Healthcare AI can no longer be a black box

Policymakers across Europe and the United States are moving to classify many clinical AI tools as high-risk systems, requiring developers and deployers to demonstrate transparency, traceability, and ongoing monitoring. In practice, however, healthcare organizations often rely on fragmented documentation that fails to capture how data were processed, how models evolved over time, or how updates affected performance after deployment.


CO-EDP, VisionRICO-EDP, VisionRI | Updated: 20-12-2025 18:14 IST | Created: 20-12-2025 18:14 IST
Healthcare AI can no longer be a black box
Representative Image. Credit: ChatGPT

How can hospitals, developers, and oversight bodies truly understand how an AI system was built, trained, updated, and deployed when patient safety is at stake? A new international research effort argues that without full lifecycle transparency, healthcare AI risks losing public trust and regulatory legitimacy.

In a study titled Enhancing Transparency and Traceability in Healthcare AI: The AI Product Passport, published as a preprint research paper, a multidisciplinary team of researchers introduces a standards-based framework designed to document healthcare AI systems from conception to real-world use. The study presents the AI Product Passport as a practical response to growing regulatory pressure under frameworks such as the European Union AI Act and U.S. FDA guidance for software used as a medical device, both of which demand stronger accountability but offer limited operational detail.

Why healthcare AI transparency has become a regulatory priority

Policymakers across Europe and the United States are moving to classify many clinical AI tools as high-risk systems, requiring developers and deployers to demonstrate transparency, traceability, and ongoing monitoring. In practice, however, healthcare organizations often rely on fragmented documentation that fails to capture how data were processed, how models evolved over time, or how updates affected performance after deployment.

The researchers identify transparency gaps as a structural weakness in current healthcare AI practice. Many systems rely on complex machine learning models trained on heterogeneous data sources such as electronic health records, imaging repositories, registries, and wearable devices. These data streams are difficult to reconstruct retrospectively, especially when models are updated or retrained. As a result, clinicians and regulators may have limited visibility into the origins of predictions, the presence of bias, or the context in which a model should or should not be used.
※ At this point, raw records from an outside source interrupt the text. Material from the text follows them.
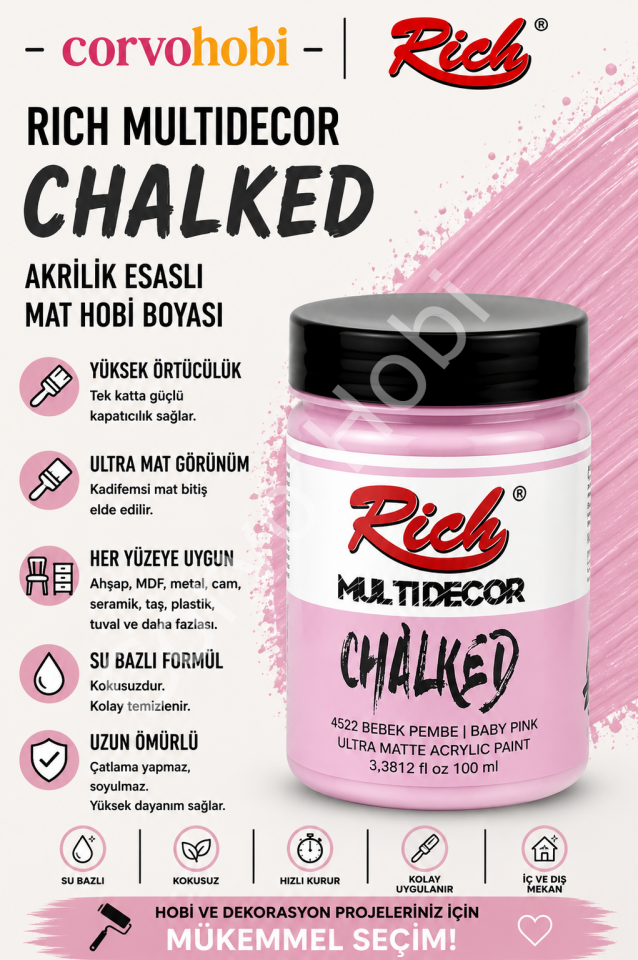 RİCH CHALKED MULTI SURFACE 100 ML BEBEK PEMBE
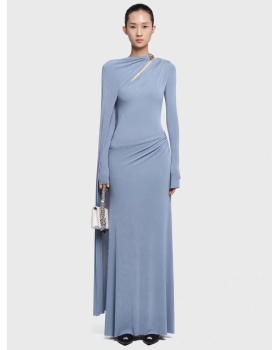 Autumn and winter temperament long dress asymmetry niche dress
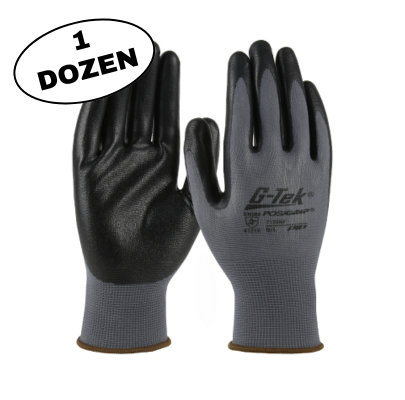 Nitrile Coated Palm with Knit Wrist Glove - Gray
Existing tools address only parts of this problem. Model Cards summarize model behavior and intended use. FactSheets document supplier claims and performance benchmarks. Provenance standards track data lineage within machine learning pipelines. Operational frameworks such as MLOps and ModelOps manage version control and deployment. The study finds that while each approach adds value, none provides a unified, end-to-end solution tailored to the strict accountability requirements of healthcare.
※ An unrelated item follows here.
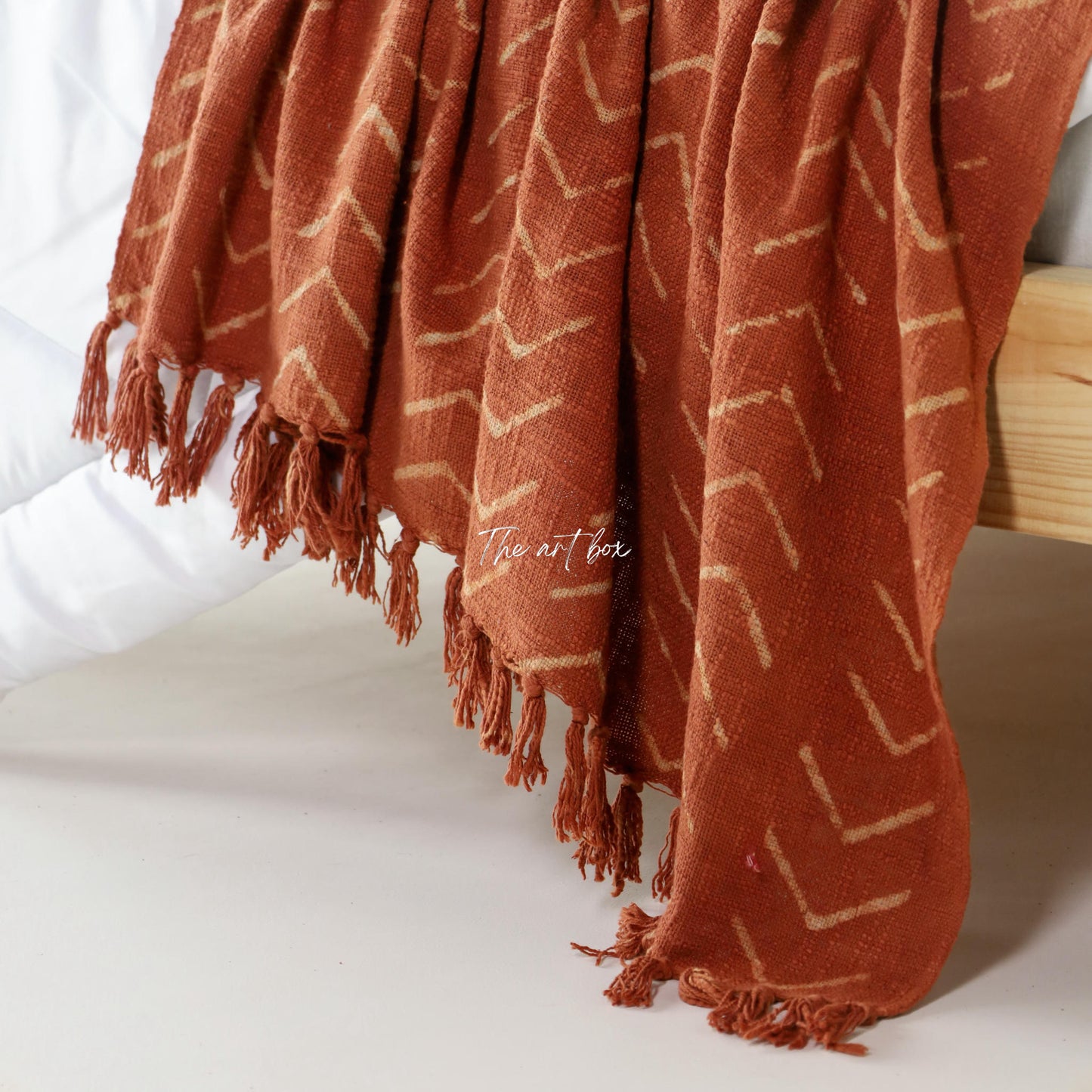 Mud Cloth Orange Daabu Print Throw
The AI Product Passport is proposed as a way to bridge this gap. Rather than introducing an entirely new standard, the framework integrates established methods into a single, lifecycle-based documentation system. The aim is to make transparency operational, not symbolic, by embedding documentation into everyday AI development and deployment workflows.

How the AI Product Passport tracks models across the full lifecycle

Under the hood, the framework is a structured data model that records how an AI system changes over time. The study divides the AI lifecycle into five connected phases: study definition, dataset and feature preparation, model generation and evaluation, deployment and monitoring, and final passport generation. Each phase captures both technical metadata and contextual information, creating a continuous audit trail that can be reviewed long after a model enters clinical use.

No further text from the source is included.